--- TO DO ---
The lines from the one containing "this 350×262 image." through the final line of the data below must be written out exactly, both included, and nothing more.

--- Free-text object descriptions ---

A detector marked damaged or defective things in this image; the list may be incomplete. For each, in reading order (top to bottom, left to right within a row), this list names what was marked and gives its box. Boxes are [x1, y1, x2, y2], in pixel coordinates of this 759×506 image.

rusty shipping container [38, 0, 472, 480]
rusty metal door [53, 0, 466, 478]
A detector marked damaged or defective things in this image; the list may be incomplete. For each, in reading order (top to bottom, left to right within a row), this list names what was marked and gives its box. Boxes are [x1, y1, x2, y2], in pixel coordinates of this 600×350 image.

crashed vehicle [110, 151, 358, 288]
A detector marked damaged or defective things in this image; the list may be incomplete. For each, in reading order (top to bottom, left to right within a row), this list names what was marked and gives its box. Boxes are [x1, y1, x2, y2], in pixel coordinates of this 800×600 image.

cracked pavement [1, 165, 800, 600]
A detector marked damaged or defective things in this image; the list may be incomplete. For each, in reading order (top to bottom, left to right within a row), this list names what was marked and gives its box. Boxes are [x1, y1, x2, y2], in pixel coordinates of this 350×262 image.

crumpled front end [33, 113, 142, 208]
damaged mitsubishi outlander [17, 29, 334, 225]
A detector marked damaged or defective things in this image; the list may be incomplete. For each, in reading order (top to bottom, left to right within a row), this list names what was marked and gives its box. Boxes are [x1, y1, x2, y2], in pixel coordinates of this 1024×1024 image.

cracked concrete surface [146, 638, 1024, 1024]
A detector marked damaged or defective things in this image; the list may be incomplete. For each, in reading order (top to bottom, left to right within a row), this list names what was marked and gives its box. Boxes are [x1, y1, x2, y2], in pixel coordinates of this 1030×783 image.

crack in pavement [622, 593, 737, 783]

--- TASK RESULT ---
A detector marked damaged or defective things in this image; the list may be incomplete. For each, in reading order (top to bottom, left to right within a row), this list names what was marked and gives its box. Boxes are [x1, y1, x2, y2], in pixel coordinates of this 350×262 image.

crumpled front end [33, 113, 142, 208]
damaged mitsubishi outlander [17, 29, 334, 225]
A detector marked damaged or defective things in this image; the list may be incomplete. For each, in reading order (top to bottom, left to right within a row), this list names what was marked and gives its box. Boxes are [x1, y1, x2, y2], in pixel coordinates of this 1024×1024 image.

cracked concrete surface [146, 638, 1024, 1024]
A detector marked damaged or defective things in this image; the list may be incomplete. For each, in reading order (top to bottom, left to right within a row), this list names what was marked and gives its box. Boxes are [x1, y1, x2, y2], in pixel coordinates of this 1030×783 image.

crack in pavement [622, 593, 737, 783]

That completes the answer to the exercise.